說來也怪,沈其堯親自動手,把大兒子打得皮開肉綻、跪都跪不住的時候,連眉頭都不曾皺一下。
那是長子,是要承繼宗祧、頂門立戶的。
既是頂門立戶的,就得經得起摔打。
刀要淬火才硬,人要打磨才成器,這層理他比誰都明白。他自己也是這麼過來的。
至於底下那幾個庶出的,將來能派上用場就留著,派不上用場也無妨。本就是棋盤上可以擺佈的棋子,或是必要時墊腳的石頭。帥府裡不養閒人,這是他沈其堯的規矩。
可此刻,瞧著花丫身上這些細細的印子,他卻心疼得厲害。
這孩子是從孃胎裡帶出來的弱,落地的時候跟只小貓似的,哭聲細細的,連吃奶的力氣都快沒有了。也是幾個孩子裡頭生得最像亡妻的,眉眼之間,依稀是當年她的影子。

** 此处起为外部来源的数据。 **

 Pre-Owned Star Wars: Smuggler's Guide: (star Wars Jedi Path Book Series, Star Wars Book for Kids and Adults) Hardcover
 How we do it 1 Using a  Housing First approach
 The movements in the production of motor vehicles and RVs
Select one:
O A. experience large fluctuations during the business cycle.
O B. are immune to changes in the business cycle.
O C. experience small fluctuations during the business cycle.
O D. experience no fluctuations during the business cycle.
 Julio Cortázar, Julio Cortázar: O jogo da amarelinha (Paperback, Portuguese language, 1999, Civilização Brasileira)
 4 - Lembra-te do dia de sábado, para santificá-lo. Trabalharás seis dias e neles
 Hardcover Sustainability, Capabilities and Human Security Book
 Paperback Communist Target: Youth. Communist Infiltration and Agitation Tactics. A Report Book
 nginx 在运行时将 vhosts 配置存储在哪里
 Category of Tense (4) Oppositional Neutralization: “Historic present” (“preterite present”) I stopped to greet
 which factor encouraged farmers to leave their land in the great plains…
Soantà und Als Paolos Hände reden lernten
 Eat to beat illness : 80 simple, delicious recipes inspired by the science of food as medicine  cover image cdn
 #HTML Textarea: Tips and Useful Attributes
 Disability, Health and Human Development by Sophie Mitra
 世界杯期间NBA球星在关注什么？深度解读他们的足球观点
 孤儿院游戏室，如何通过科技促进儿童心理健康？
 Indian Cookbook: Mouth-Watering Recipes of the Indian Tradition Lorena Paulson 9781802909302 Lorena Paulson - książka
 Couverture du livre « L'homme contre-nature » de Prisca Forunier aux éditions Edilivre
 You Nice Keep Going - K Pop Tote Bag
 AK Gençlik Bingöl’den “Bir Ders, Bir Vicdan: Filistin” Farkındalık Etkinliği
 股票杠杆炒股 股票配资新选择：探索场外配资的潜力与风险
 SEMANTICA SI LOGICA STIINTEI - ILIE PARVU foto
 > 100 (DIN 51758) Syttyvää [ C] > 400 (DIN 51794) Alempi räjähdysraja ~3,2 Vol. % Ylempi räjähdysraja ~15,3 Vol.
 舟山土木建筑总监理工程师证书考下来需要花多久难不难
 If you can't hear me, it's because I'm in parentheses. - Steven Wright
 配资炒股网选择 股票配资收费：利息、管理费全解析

他對亡妻有愧,那些年忙著打天下,聚少離多,她也曾跟著他鑽林子、躲追兵,生兒育女,熬幹了身子。
到最後她走的時候,他不在跟前。
其實她走之前,曾託人捎過一封信來。
信裡說她病得厲害,怕是撐不過這個冬天了,讓他來接孩子們。說巍然還小,浩軒剛會走路,佩文一個姑娘家,撐不起這個家。
他當時看了一眼,隨手撂在桌上。
女人家的小把戲罷了。他想。不就是想讓他低頭麼?不就是想讓他親自去接麼?他沈其堯這輩子,跟誰低過頭?
他讓人捎了話回去:軍中事務繁忙,脫不開身。
女人嘛,鬧一陣子,沒趣了,她自然就帶著孩子回來了。
可他等來的,是她病故的訊息。
這成了他心裡一根拔不掉的刺。
這些年,他便把一腔虧欠盡數傾注在花丫身上。捧在手裡怕摔了,含在嘴裡怕化了。
他知道這樣不對。他這輩子最恨的就是慣孩子,慣出來的都是廢物。可對著花丫那雙眼睛,他就是狠不下心。這孩子本來就弱,怎麼就讓小勝子打成這樣?
正想著,沈佩文也追了出來,氣喘吁吁立在一旁。
見父親這副模樣,心裡又急又怕。
“爹,今兒個的事……”
沈其堯抬起眼皮,淡淡掃了她一眼。
沈佩文咬了咬嘴唇,還是硬著頭皮說了下去:“爹,您別怪小勝子,是花丫今兒在席上…太沒規矩了。馬家父子都在,他又是要端菜,又是用手抓,小勝子也是…”
“行了。”沈其堯打斷她,聲音聽不出喜怒,“我都曉得了。”
其實他進門前,己在弟弟沈輔臣那兒聽了個大概。
知道是小勝子管教弟弟,按說,這事兒小勝子辦得沒錯。
可此刻,懷裡這個小東西哭成這樣,那些“道理”便全被這哭聲淹沒了。